__What you will do__
Could you repeat the listing exactly, leaving out the pictures?

__Exercise data__
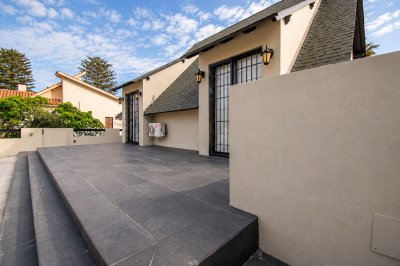 Alquiler apartamento 2 dormitorios en Carrasco 2 cocheras amoblado. Sin gastos comunes.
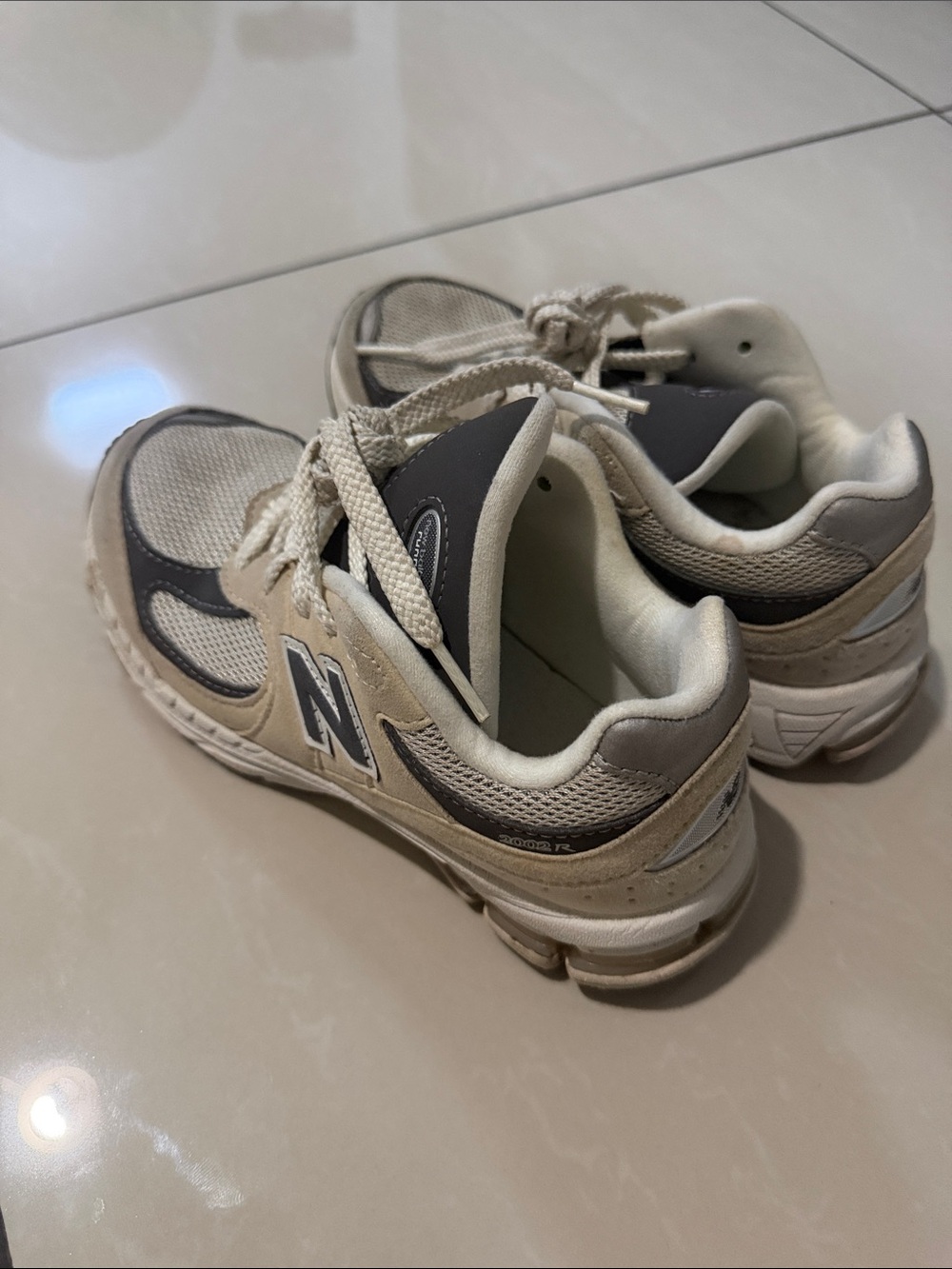 New Balance Kids Cream and Gray Mesh Lace-Up Sneakers ((AVAILABLE TILL 9/17/26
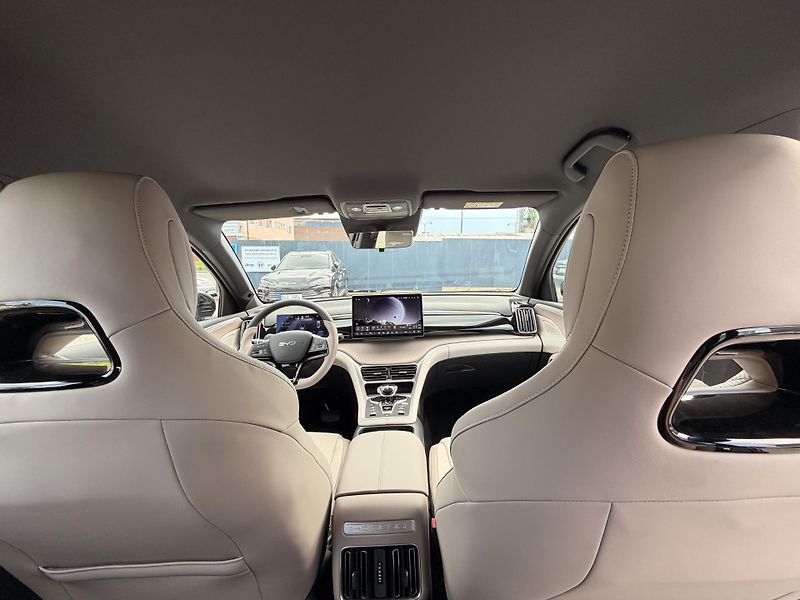 BYD Sealion 5 DM-i  (2025) Design demo - fotka 8 z 10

__Exercise result__
 Alquiler apartamento 2 dormitorios en Carrasco 2 cocheras amoblado. Sin gastos comunes.
 New Balance Kids Cream and Gray Mesh Lace-Up Sneakers ((AVAILABLE TILL 9/17/26
 BYD Sealion 5 DM-i  (2025) Design demo - fotka 8 z 10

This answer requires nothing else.